Controller Wagner: During the 20th Century, the natural resources of Allegheny County together with its hard-working residents caused the area to be known as the “Workshop of the World.” Now, in the 21st Century, Allegheny County is poised to benefit from natural gas deposits in the Marcellus Shale formation. Our pressing challenge is how to leverage our natural gas resources in a way that benefits all residents of Allegheny County, not just the gas drillers. Our challenge is to maximize the value of our resources while protecting our environment, particularly our many rivers, streams and creeks. It is imperative for leaders in Allegheny County to seek to maintain the quality of life of our region, and not be distracted by ephemeral prospects of short-term jobs and one-time payments. As I look around the country and the world, there are numerous examples of places that have adopted a holistic, long-range view of their natural resources, using those resources as a spring-board to sustained growth and the viability of their communities and neighborhoods. Unfortunately, there exists an equal, if not larger, number of places where mineral extractors and drillers have come in, benefited from weak regulatory schemes and a political class all too eager to accept their money, and then left the area in a worse condition than when they found it. Allegheny County needs responsible regulations and smart growth. Here in Pennsylvania, our state government under the Corbett Administration has abdicated many of its responsibilities of environmental stewardship. Because of this vacuum, Allegheny County must take the lead to vigilantly protect the interests of its citizens and future generations.
As a parent are you worried about the effects of climate change on your children and the children of Allegheny County?
Yes. What is even more worrisome beyond the effects of climate change is that many politicians in Pennsylvania (and America) continue to deny that climate change is caused by human action or that it has even occurred. Given the scientific evidence, the fact that we still need to debate and defend climate change is a startling and scary proposition. As a mother of two young children, this leaves me very concerned for their future and the future of people everywhere.

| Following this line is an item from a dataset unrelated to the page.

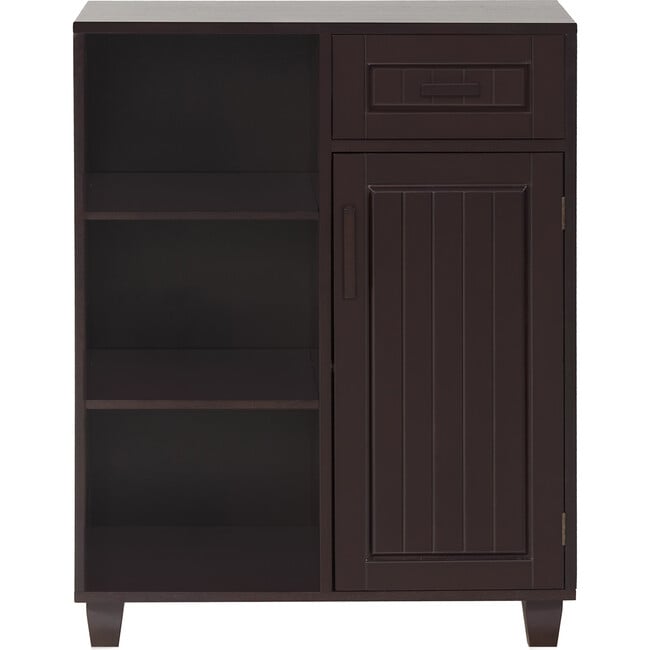 Catalina Wooden Floor Cabinet with Storage Drawer, Espresso - Cabinets - 2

It is all the more troubling because right now, as I write this, there are simple projects and policies that if implemented, would yield large, long-term dividends in terms of staving off the worse effects of climate change. Dealing with climate change immediately is not just an ethical imperative, but it makes good economic sense. Not just from the standpoint of preventing the increased storms and disasters associated with climate change, but also through growing “green” jobs and industries that can employ our children while at the same time securing our future. It is sad and tragic to think of the histories that will be written in the year 2113, when our generation will be viewed as the generation that could have done something but instead stuck its collective head in the sand. We still have time to re-write this history, but the clock is ticking.
Why is bi-partisan effort so important and how can these efforts be achieved in our politically polarizing culture?

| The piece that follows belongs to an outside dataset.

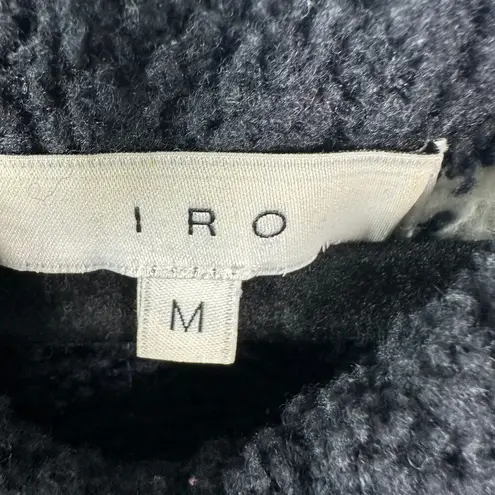 IRO Shani Wool Blend Crewneck Colorblock Black White Sweater Size Medium FLAW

As a former State representative, I know first-hand how important bi-partisan efforts can be to the success of any legislative action. What it takes are leaders on both sides of the aisle. It also takes an active, involved citizenry to communicate to all elected officials that the health of our planet is not a partisan issue. I submit that regardless of your political affiliation or ideology nobody wants to live in a place with water they cannot drink, air they cannot breathe and natural spaces they cannot enjoy. Certainly the elected leaders who consistently vote against environmental protections do not live in garbage dumps, and neither do their constituents. There are times within our recent memory where environmental legislation has received bi-partisan support. After all, it was Richard Nixon who created the EPA by executive order. Taking action for the environment is not just about more regulation or saying “no” to development, it is also about saying “yes” to creating new industries, growing jobs, building communities, saving money on our healthcare, and still maintaining our existing industries. And to this point, we need to show and convince folks in our region that we can protect their jobs and livelihoods while also protecting the environment. Solutions need not and cannot be mutually exclusive. The technology exists. But what we really need is the commitment and will of our elected leaders, and the continued advocacy of groups like Moms Clean Air Force to ensure that environmentalism makes sense to everyone without respect to ideology or party affiliation.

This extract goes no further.